The day was near dead calm, with occasional fog and mist, anyway, and I had a reason to want to motor. Alchemy has two keel tanks of about 50 gallons (200 litres) capacity. Both were filled to their respective brims in 2009 before I went into a cradle for a few years to replace the engine, the entire drive train and other needful things. The diesel at that point was primarily intended to keep the tanks of black iron from corroding. I got it from a marina that I knew didn't sell diesel with ethanol in it. I had yet to spec out the new engine, but I had already heard of the ethanol additive effect on deleterious gaskets and seals and its tendency to absorb moisture from the air.

The interesting part came after I had installed the fuel filter system and had stopped (basically) using a siphon from a jerry can, which even in my mind was asking for it. The diesel from the aft tank looked good. It seemed to work. After cleaning the pickup tube (a tiny bit of gunk was found), all seemed to be well. The diesel purred. The boat moved. All was well. I regularly mixed in new diesel and kept that aft tank full.

But I didn't address the forward tank. That was filled with nearly nine-year-old, pure diesel. I topped up that vintage fuel with fresh diesel (if ultra low sulphur, which is another issue). Then I ran the fuel  from that tank for an hour at dock (at about 1,300 RPM; I'm not a monster) Again, no issues.

So it was with some trepidation that we departed circa 0800h yesterday. While I knew I had a "good tank", I was keen, frankly, to burn off as much old fuel as I could. As it turned out, the Burlington Bridge, a lift bridge that allows the only access to Hamilton's large harbour (and which we've seen before on our now-sold first boat), only opens on demand and every 30 minutes. My new plotter told me if I could steer tightly, we would get to the piers in front of the lift bridge at 1228h. Yikes. Apply throttle!
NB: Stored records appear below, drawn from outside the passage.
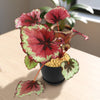 Begonia rex ‘kotobuki’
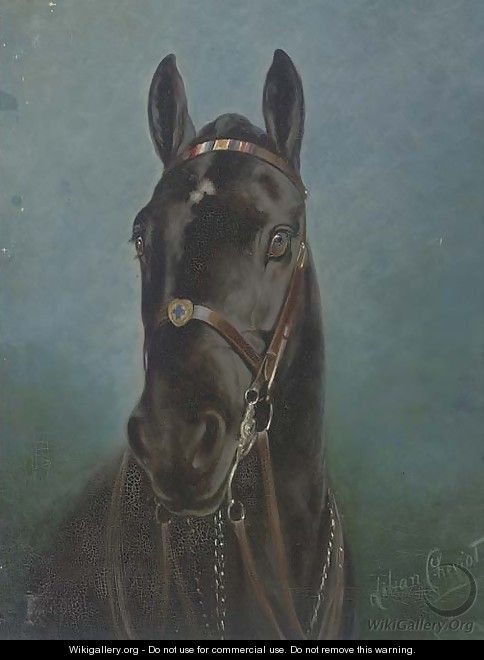 The black stallion - Lilian Cheviot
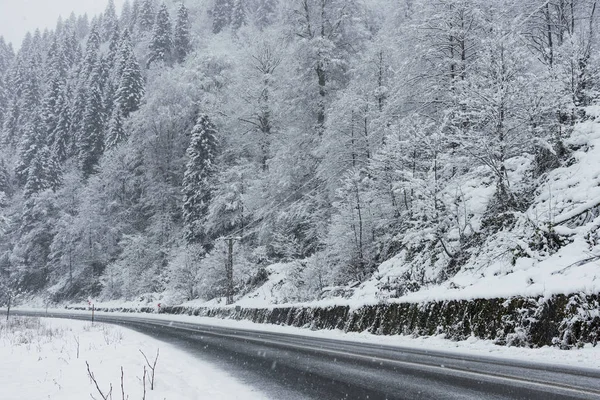Снежная сцена на дороге зимой, со снежными деревьями, скалами и асфальтом — стоковое фото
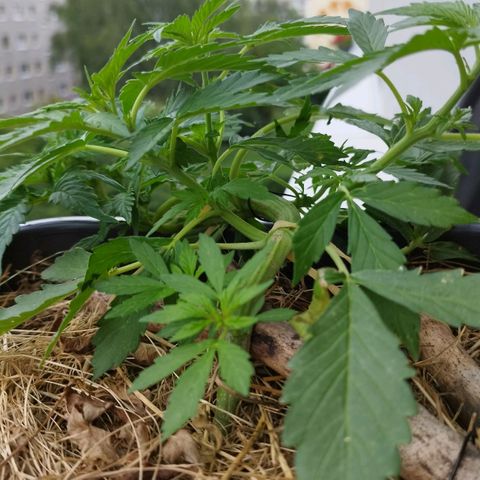 Cookie growlog photo: Vorblüte🎉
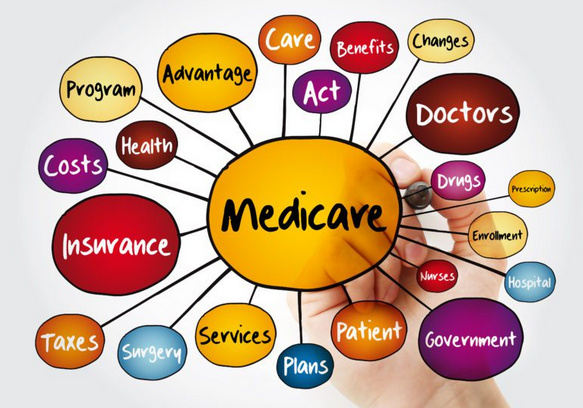 2024 Blue Cross Medicare Advantage: Your Health Guidebook post thumbnail image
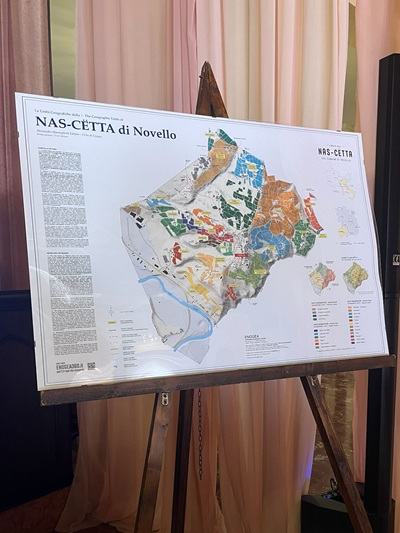 Nascettaland convegno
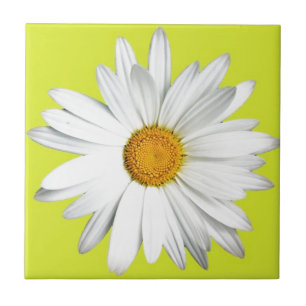 Daisy with Lime Green Background Tile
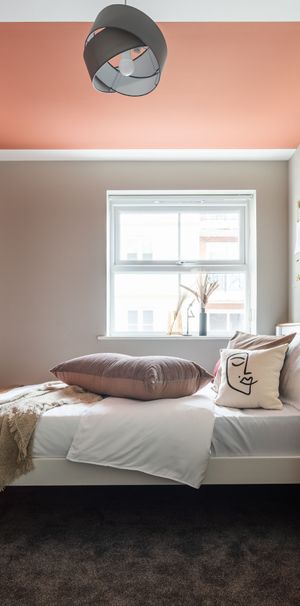 8 Bedroom house 5 with ensuite 3 rooms share 1 bathroom Room 3 - Photo 1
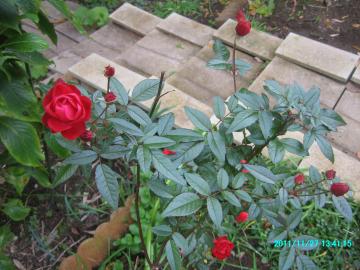 2011/11/27/redroses at backyard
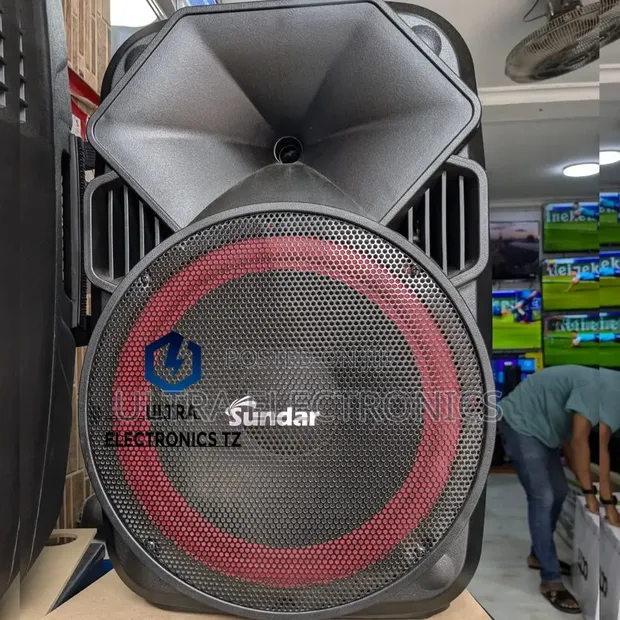 Sundar SD3010BT 10-Inch Portable Rechargeable Speaker with Wireless Mic - 1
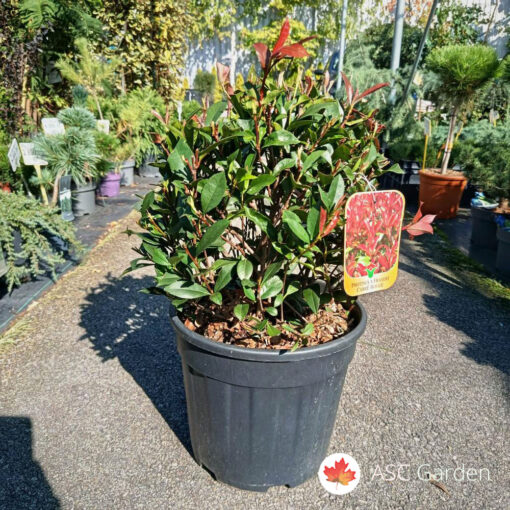 Photinia x fraseri Carre' rouge 70 cm - lopta
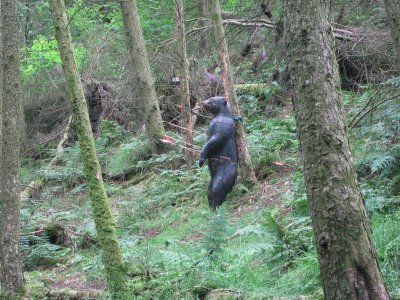 cumbriachallenge_05.JPG
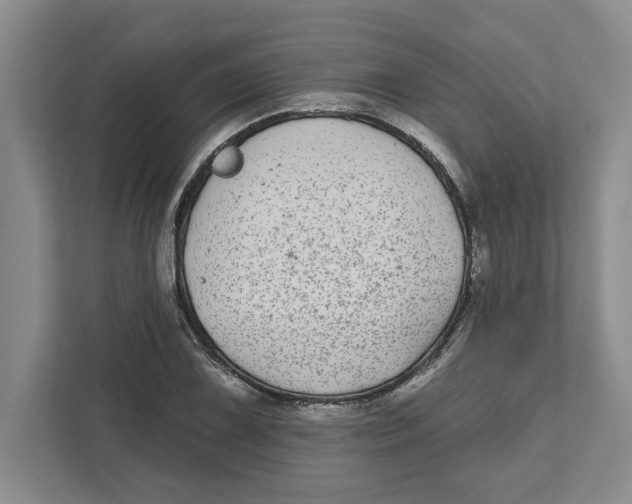 X0000112481075200909141139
So, flat out through flat water it was. I like my hydraulic steering just fine, but under motor and plenty of it, the rudder tends to drift slightly and corrections applied are not subtle. While I don't think this is a problem, particularly, I will be inspecting the fluid levels and the state of the seal. And the purchase of an autopilot, because steering by hand in calm conditions is actually a bit of a drag.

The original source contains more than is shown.